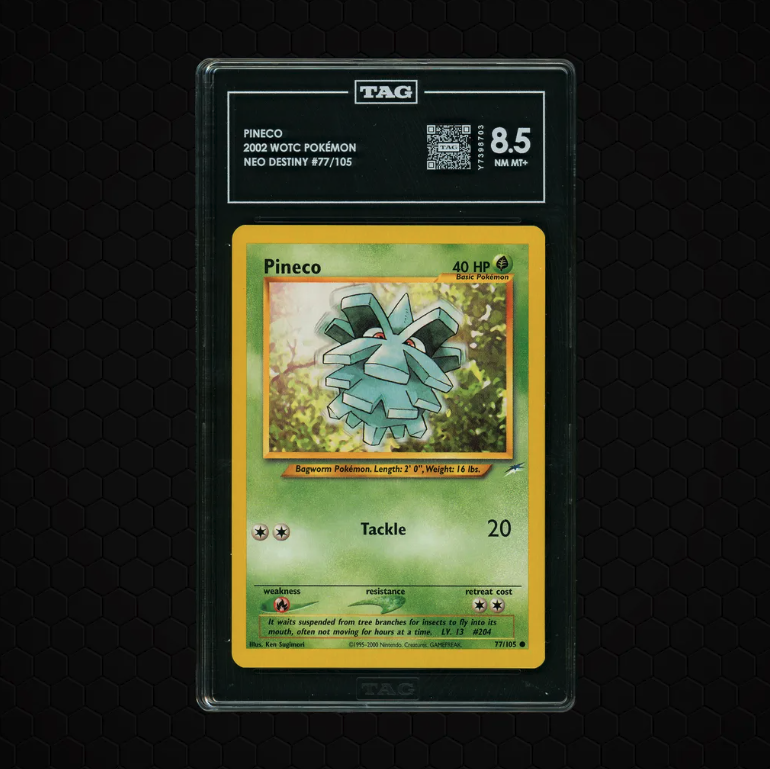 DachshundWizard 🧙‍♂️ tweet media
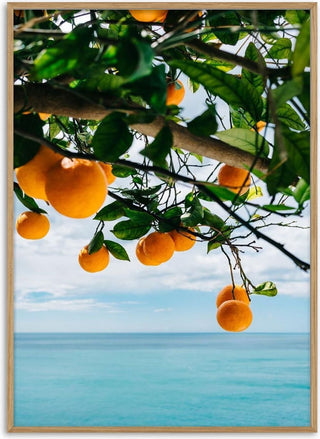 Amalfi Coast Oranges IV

····················

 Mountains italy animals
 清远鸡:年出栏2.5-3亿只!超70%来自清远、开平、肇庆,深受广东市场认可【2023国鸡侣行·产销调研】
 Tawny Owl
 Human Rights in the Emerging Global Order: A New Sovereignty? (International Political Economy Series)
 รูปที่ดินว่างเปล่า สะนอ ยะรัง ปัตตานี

····················

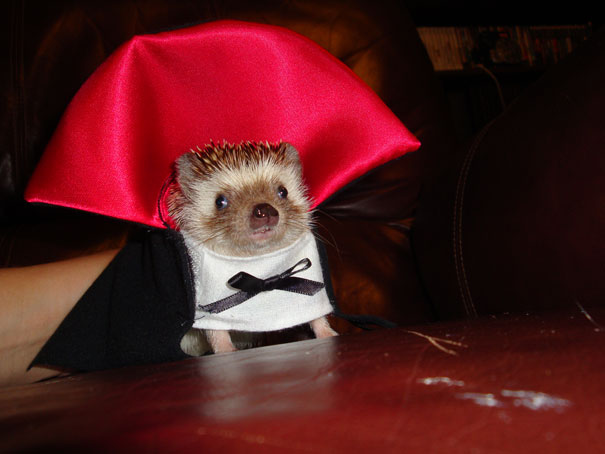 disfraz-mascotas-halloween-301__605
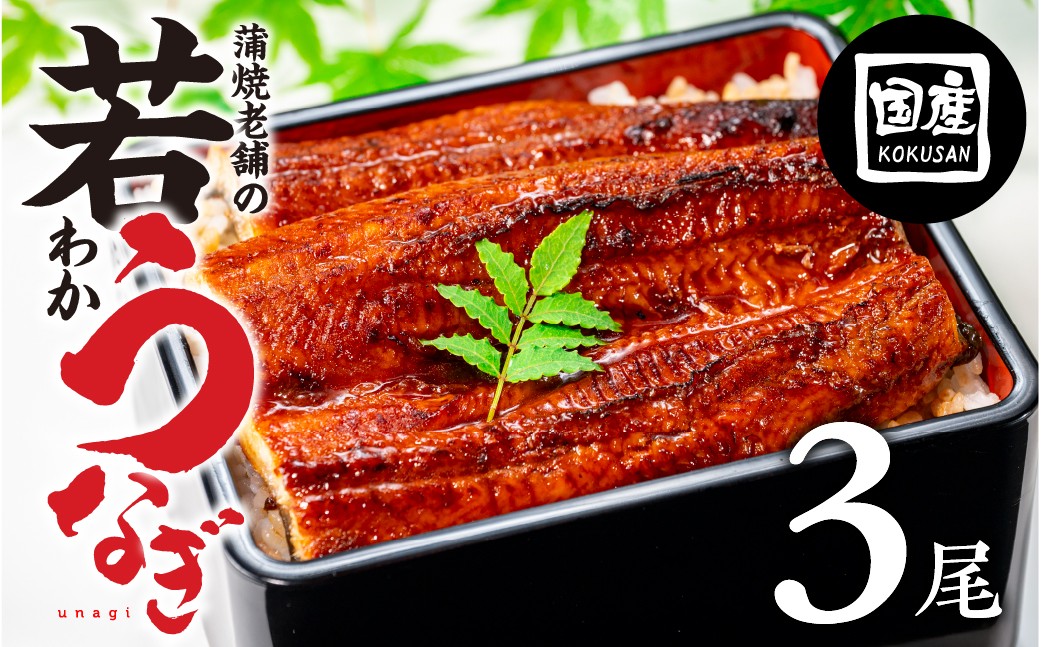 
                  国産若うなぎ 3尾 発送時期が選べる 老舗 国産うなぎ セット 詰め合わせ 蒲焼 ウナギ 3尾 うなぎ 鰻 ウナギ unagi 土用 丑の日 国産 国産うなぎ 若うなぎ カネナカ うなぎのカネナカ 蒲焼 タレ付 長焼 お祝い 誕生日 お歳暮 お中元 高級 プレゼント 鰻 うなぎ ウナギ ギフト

····················

Where a picture appears in the records above, omit it, and transcribe exactly the stretch of lines from the one with "DachshundWizard 🧙‍♂️ tweet media" through the one with "Amalfi Coast Oranges IV".

 DachshundWizard 🧙‍♂️ tweet media
 Amalfi Coast Oranges IV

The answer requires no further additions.